Last year, I attended a photography workshop and one of the participants showed her scanography work. I was dazzled, and thought I would dip my toes in. Throwing some interesting things on a flat bed scanner seemed simple, as I learned scanography is an entirely different technique that requires different skills.
I started as I always do, researching best practices on the web. Surprisingly very little has been written about “how” to do compelling scanography work. There are many sites that show the great creativity needed to create a compelling image. I plan to continue on this journey, especially on days when I’m cooped up inside and Peter is bored and willing to help. Here are a few things I picked up. You need:
- A flat bed scanner
- Interesting 3-dimensional subjects that can be laid flat
- A concept or plan. Many of the images I saw were painstakingly created, almost as if they were a set design.

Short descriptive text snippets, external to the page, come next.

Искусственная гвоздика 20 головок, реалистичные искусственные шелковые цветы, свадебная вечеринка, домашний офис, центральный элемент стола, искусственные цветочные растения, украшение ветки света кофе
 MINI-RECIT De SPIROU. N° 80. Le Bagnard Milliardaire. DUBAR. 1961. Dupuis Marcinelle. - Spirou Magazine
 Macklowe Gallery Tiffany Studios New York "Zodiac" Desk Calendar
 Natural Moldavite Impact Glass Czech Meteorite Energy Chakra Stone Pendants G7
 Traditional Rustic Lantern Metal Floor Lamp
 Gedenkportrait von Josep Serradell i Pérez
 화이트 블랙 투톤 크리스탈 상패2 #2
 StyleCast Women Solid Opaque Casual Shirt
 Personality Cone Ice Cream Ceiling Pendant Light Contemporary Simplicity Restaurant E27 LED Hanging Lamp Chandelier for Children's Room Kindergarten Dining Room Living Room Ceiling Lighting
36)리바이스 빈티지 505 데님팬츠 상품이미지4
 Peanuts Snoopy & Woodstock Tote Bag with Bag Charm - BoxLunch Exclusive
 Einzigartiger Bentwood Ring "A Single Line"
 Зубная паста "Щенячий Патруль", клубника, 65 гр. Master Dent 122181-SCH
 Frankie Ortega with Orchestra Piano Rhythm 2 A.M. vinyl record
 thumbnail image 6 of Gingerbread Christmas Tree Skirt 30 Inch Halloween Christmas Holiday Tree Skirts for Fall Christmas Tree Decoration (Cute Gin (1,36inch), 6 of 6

- To do this in a dark room or at night. After setting up your scanner and pushing “scan” turn off the screen to your computer monitor to ensure a dark room
- To make sure everything is spotless. I draped a piece of black velvet over my scanner to ensure there was a dark background. The velvet had attracted lint and dust. I used a lint brush, but still had to do quite a bit of post-process work to clean up individual spots.
- Be aware of the depth of field of the scanner. I held the flowers upright over the scanner and initial my hand was in the image until I draped the velvet over it.
I also experimented with placing textured glass on the bed of the scanner and then imaging the flowers through the glass. I feel like there is something there but not sure I got it yet with these images. I’ll keep you posted on my progress, and if I’m able to derive some best practices after all the trail and error I’ll share them here.